• [RECORDS FOR PROCESSING]
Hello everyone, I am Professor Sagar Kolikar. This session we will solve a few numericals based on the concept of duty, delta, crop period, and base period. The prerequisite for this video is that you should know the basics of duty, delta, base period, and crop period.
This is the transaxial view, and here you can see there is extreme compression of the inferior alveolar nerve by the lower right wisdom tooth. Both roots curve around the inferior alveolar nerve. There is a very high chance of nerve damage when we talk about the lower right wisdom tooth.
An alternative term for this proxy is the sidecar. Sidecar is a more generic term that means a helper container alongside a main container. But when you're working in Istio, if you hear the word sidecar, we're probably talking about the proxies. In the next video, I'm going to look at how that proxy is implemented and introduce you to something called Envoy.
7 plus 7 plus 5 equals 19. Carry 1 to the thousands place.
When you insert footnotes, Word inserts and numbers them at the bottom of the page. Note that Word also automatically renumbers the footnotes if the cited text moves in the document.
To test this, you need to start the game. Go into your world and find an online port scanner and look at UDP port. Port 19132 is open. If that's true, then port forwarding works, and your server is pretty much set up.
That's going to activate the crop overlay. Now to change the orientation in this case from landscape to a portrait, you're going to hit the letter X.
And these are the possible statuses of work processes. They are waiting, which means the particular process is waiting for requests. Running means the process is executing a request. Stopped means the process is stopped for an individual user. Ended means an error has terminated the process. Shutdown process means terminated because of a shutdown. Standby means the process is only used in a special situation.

...

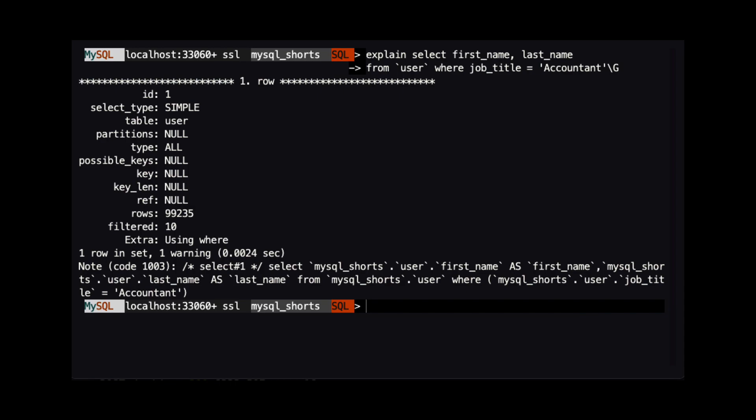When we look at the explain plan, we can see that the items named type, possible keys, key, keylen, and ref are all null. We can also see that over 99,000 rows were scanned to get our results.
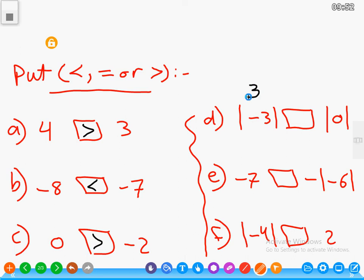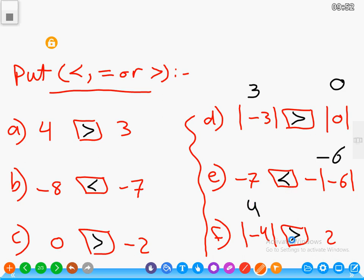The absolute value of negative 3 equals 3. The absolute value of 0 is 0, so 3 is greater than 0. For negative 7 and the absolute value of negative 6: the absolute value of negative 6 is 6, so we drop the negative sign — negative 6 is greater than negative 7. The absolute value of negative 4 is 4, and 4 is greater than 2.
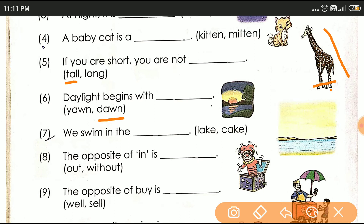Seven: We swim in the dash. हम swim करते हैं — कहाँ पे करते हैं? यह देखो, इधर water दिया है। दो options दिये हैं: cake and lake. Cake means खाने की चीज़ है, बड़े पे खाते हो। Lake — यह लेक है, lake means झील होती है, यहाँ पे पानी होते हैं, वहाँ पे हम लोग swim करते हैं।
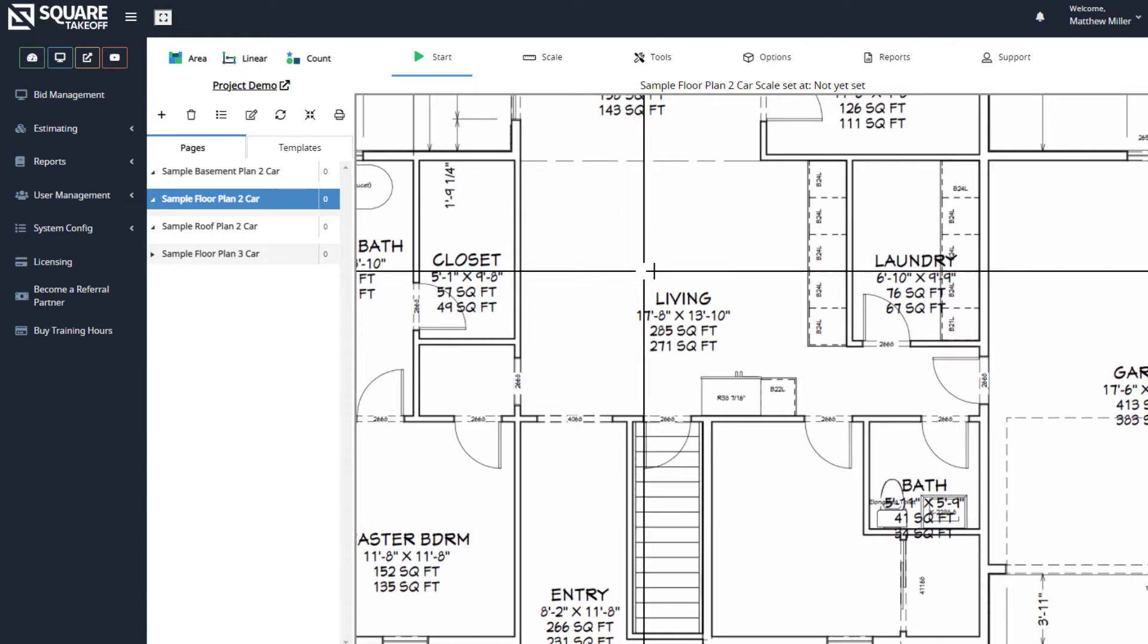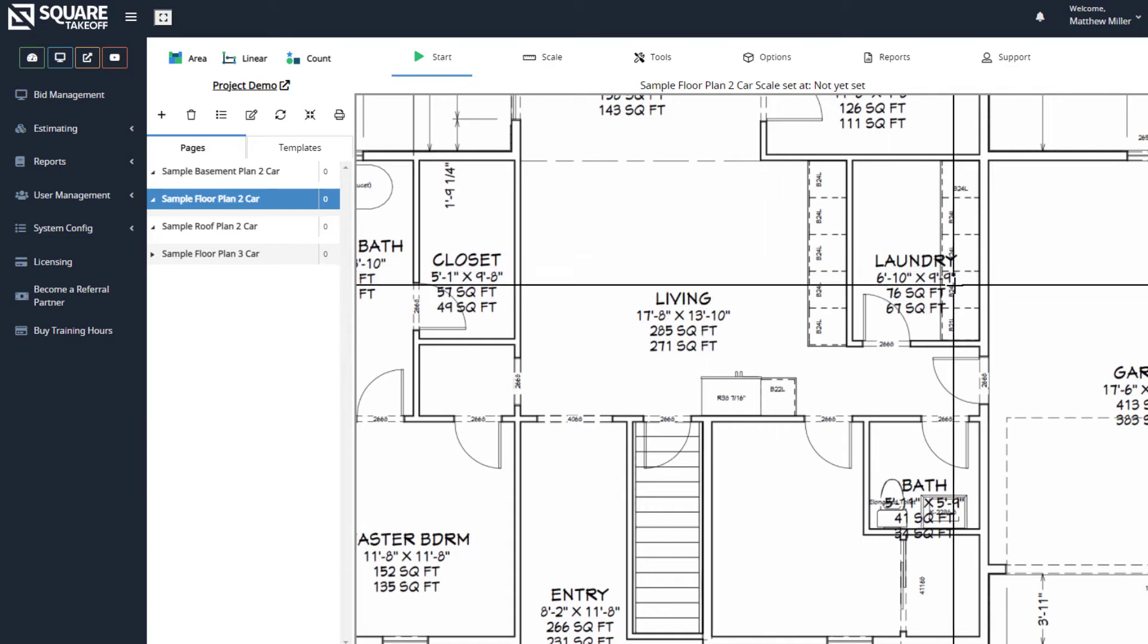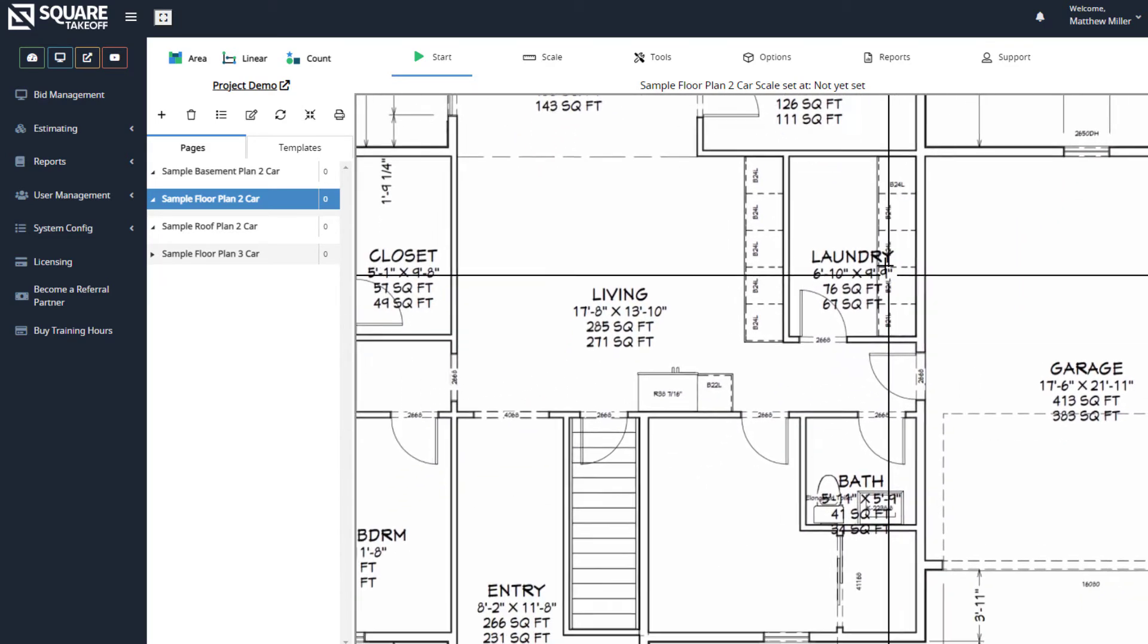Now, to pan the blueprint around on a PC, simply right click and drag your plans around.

--

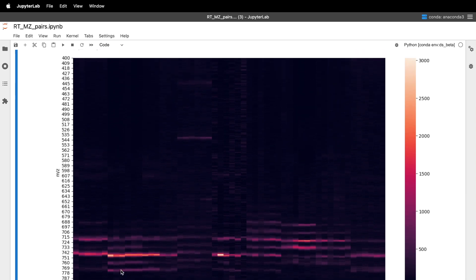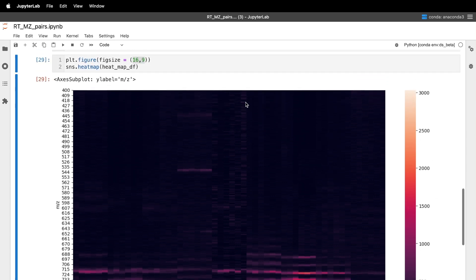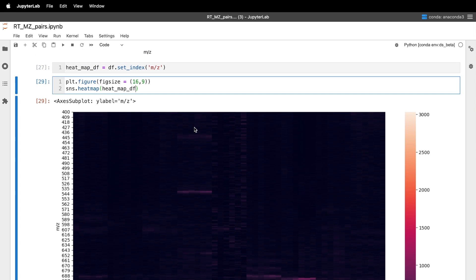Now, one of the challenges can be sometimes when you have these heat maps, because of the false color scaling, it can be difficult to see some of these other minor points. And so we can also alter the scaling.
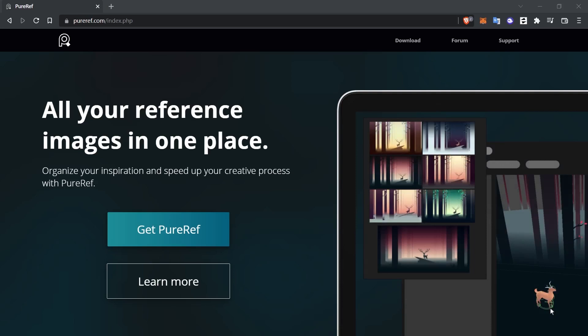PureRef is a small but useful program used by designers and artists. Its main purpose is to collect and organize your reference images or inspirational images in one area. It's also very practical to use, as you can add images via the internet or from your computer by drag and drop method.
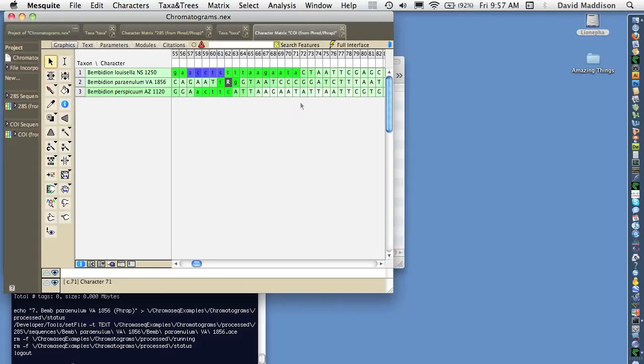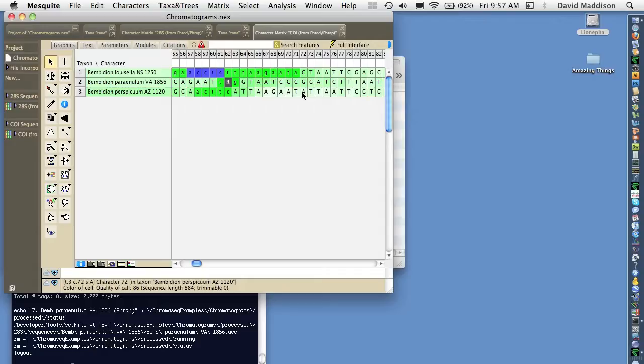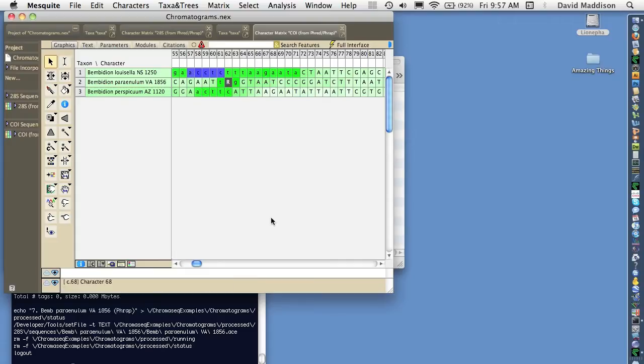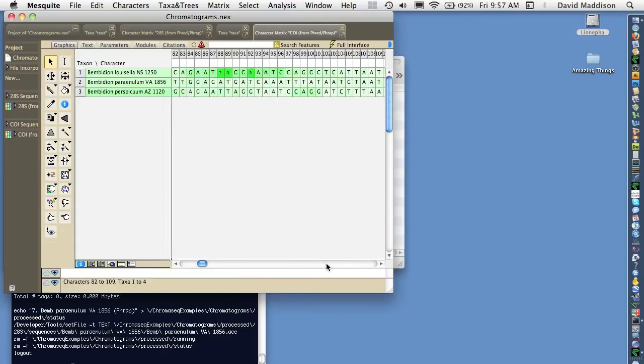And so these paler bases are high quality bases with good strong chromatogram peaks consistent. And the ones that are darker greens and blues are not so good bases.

• [ASSIGNMENT] Beginning at the line above that contains "To test this, you", return each line exactly through the line that contains "That's going to", and no others.

• [RESULT]
To test this, you need to start the game. Go into your world and find an online port scanner and look at UDP port. Port 19132 is open. If that's true, then port forwarding works, and your server is pretty much set up.
That's going to activate the crop overlay. Now to change the orientation in this case from landscape to a portrait, you're going to hit the letter X.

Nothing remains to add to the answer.